TASK BRIEF -> An exact transcription of every record below is required, with the pictures left out.

[Start of section]

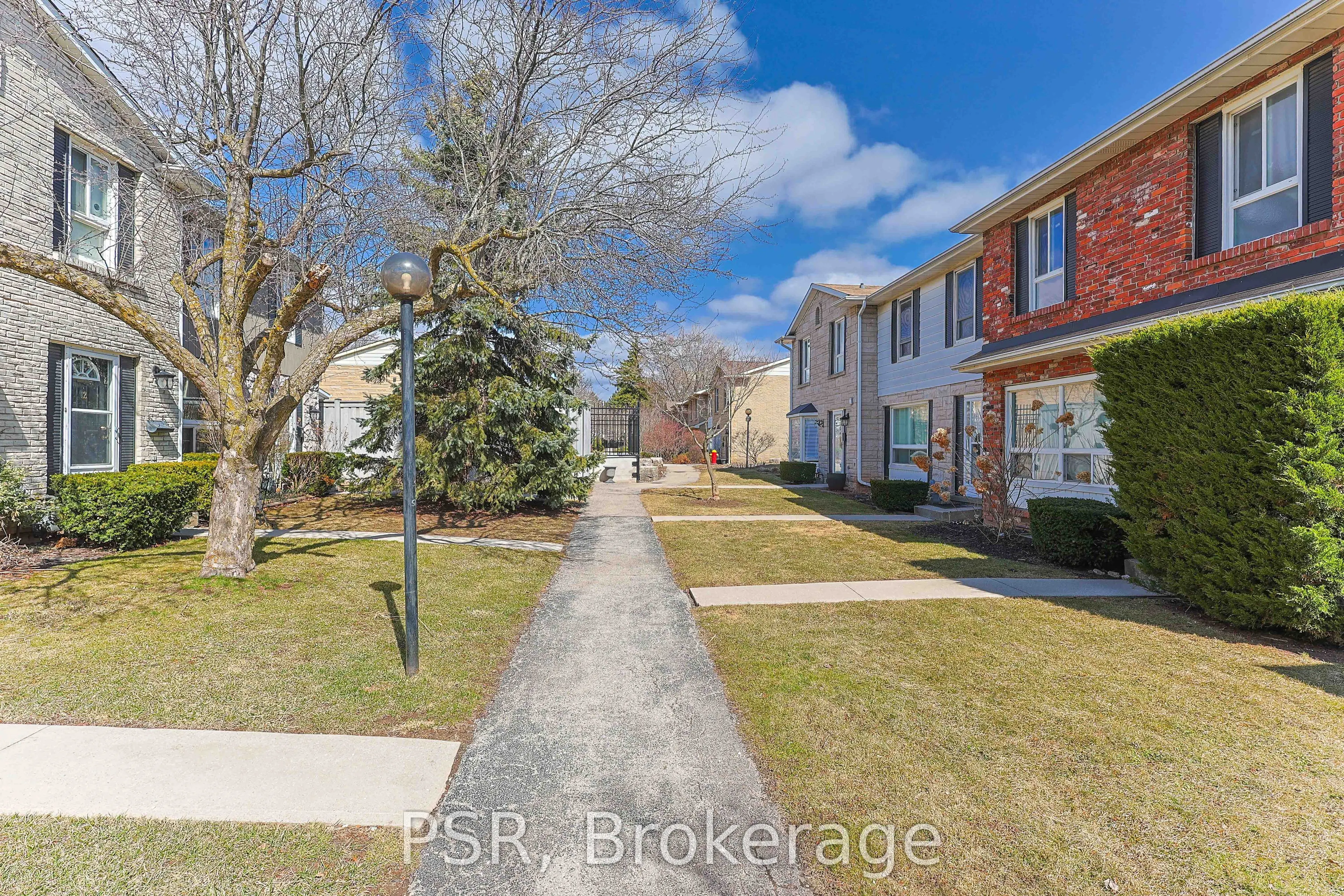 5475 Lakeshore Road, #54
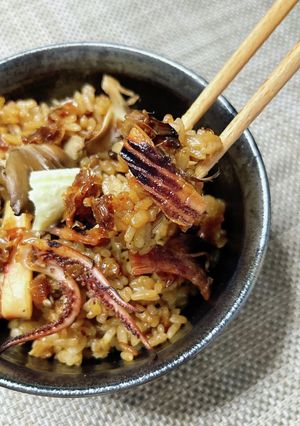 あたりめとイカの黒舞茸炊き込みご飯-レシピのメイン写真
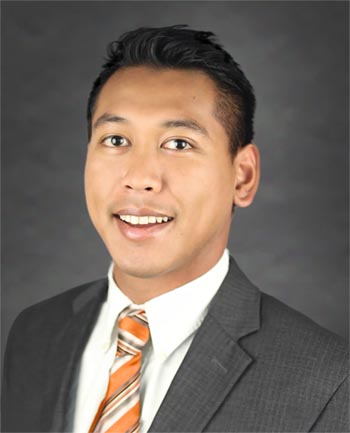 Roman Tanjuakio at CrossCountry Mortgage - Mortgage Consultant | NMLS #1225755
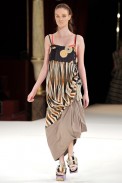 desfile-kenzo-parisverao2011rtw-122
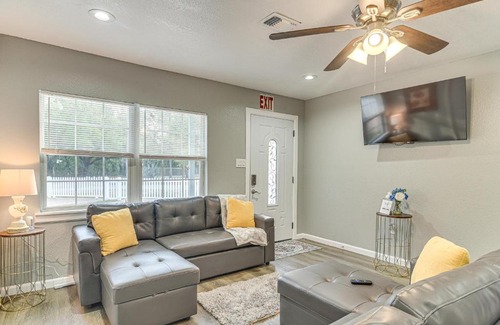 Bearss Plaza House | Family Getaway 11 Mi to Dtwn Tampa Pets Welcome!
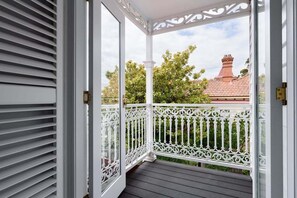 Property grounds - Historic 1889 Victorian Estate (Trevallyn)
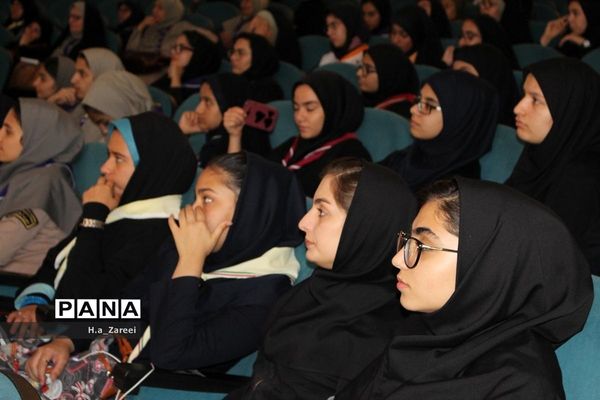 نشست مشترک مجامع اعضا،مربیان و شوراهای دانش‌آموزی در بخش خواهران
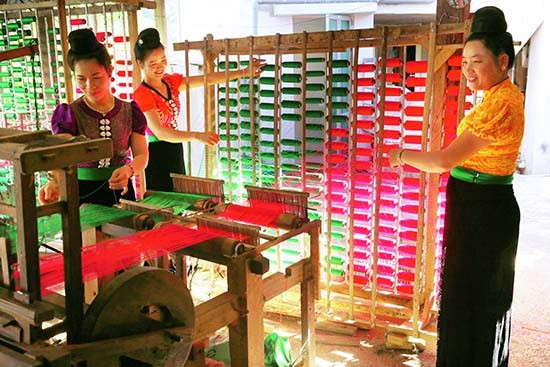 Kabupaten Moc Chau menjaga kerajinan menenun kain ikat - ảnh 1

[End of section]

SOLUTION BELOW ->
 5475 Lakeshore Road, #54
 あたりめとイカの黒舞茸炊き込みご飯-レシピのメイン写真
 Roman Tanjuakio at CrossCountry Mortgage - Mortgage Consultant | NMLS #1225755
 desfile-kenzo-parisverao2011rtw-122
 Bearss Plaza House | Family Getaway 11 Mi to Dtwn Tampa Pets Welcome!
 Property grounds - Historic 1889 Victorian Estate (Trevallyn)
 نشست مشترک مجامع اعضا،مربیان و شوراهای دانش‌آموزی در بخش خواهران
 Kabupaten Moc Chau menjaga kerajinan menenun kain ikat - ảnh 1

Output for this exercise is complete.